YOUR INSTRUCTIONS: Taking the data below, please print only the lines from the line holding "a dining table" to the line holding "Adventurous Girl kayaking", inclusive, with pictures omitted.

DATASET EXCERPTS:
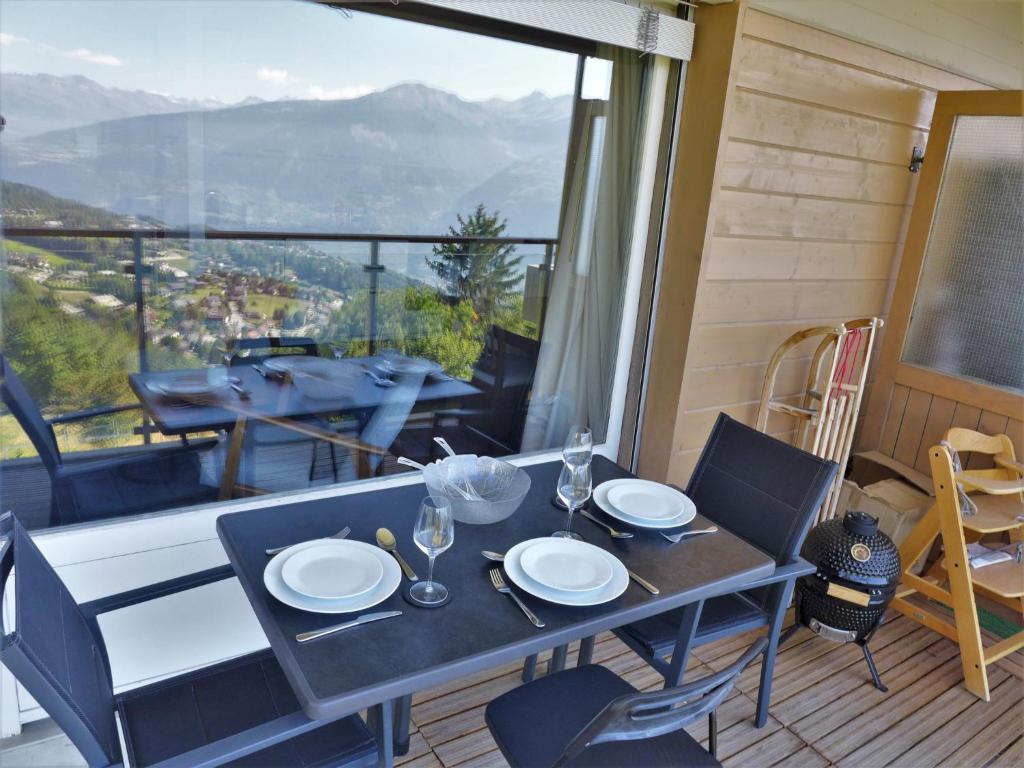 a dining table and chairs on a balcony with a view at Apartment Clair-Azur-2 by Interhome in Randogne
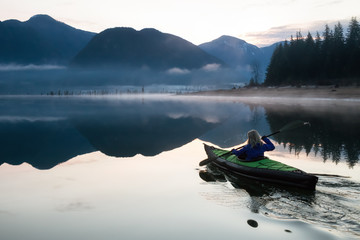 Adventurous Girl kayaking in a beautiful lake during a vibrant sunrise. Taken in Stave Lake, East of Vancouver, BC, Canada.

...

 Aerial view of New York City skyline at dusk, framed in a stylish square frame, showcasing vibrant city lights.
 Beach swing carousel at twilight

WRITTEN SOLUTION:
 a dining table and chairs on a balcony with a view at Apartment Clair-Azur-2 by Interhome in Randogne
 Adventurous Girl kayaking in a beautiful lake during a vibrant sunrise. Taken in Stave Lake, East of Vancouver, BC, Canada.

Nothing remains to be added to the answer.